» Goal of the exercise: The entries below contain pictures, which are to be left out; write out exactly, and only, the lines from the line with "Semelle de chaussure" up to and including the line with "চিরিরবন্দরে ২০০ পিস".

» Input for this task:
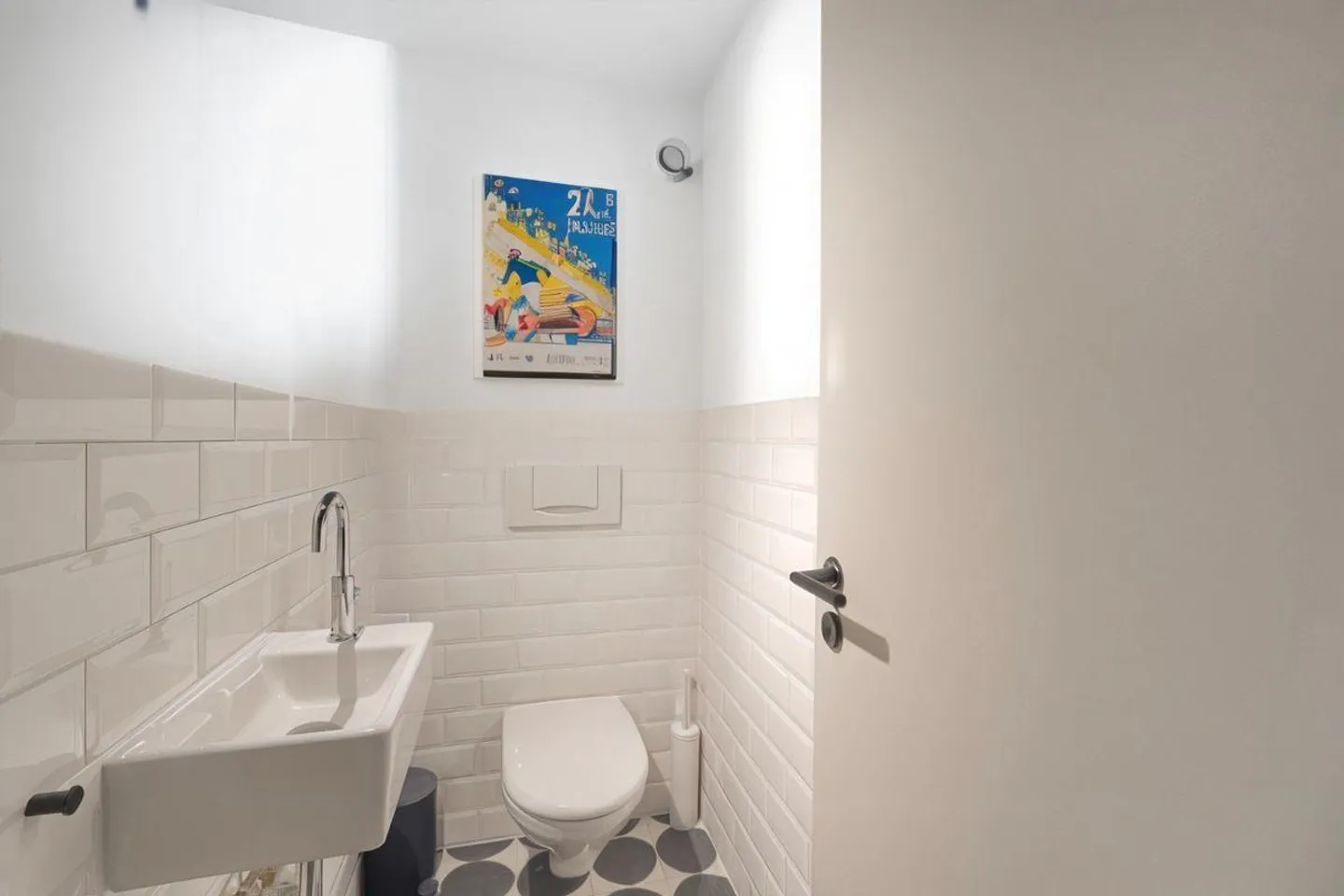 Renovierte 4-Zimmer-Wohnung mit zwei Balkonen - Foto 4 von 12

---

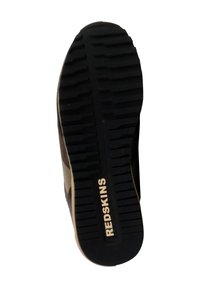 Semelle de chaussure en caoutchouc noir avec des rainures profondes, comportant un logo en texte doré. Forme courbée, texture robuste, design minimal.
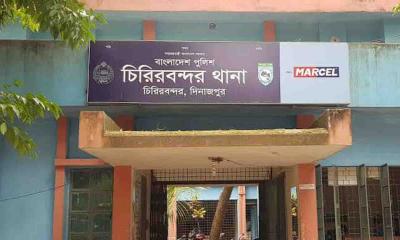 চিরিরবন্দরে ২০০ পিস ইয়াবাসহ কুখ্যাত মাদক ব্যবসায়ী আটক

» Solution below:
 Semelle de chaussure en caoutchouc noir avec des rainures profondes, comportant un logo en texte doré. Forme courbée, texture robuste, design minimal.
 চিরিরবন্দরে ২০০ পিস ইয়াবাসহ কুখ্যাত মাদক ব্যবসায়ী আটক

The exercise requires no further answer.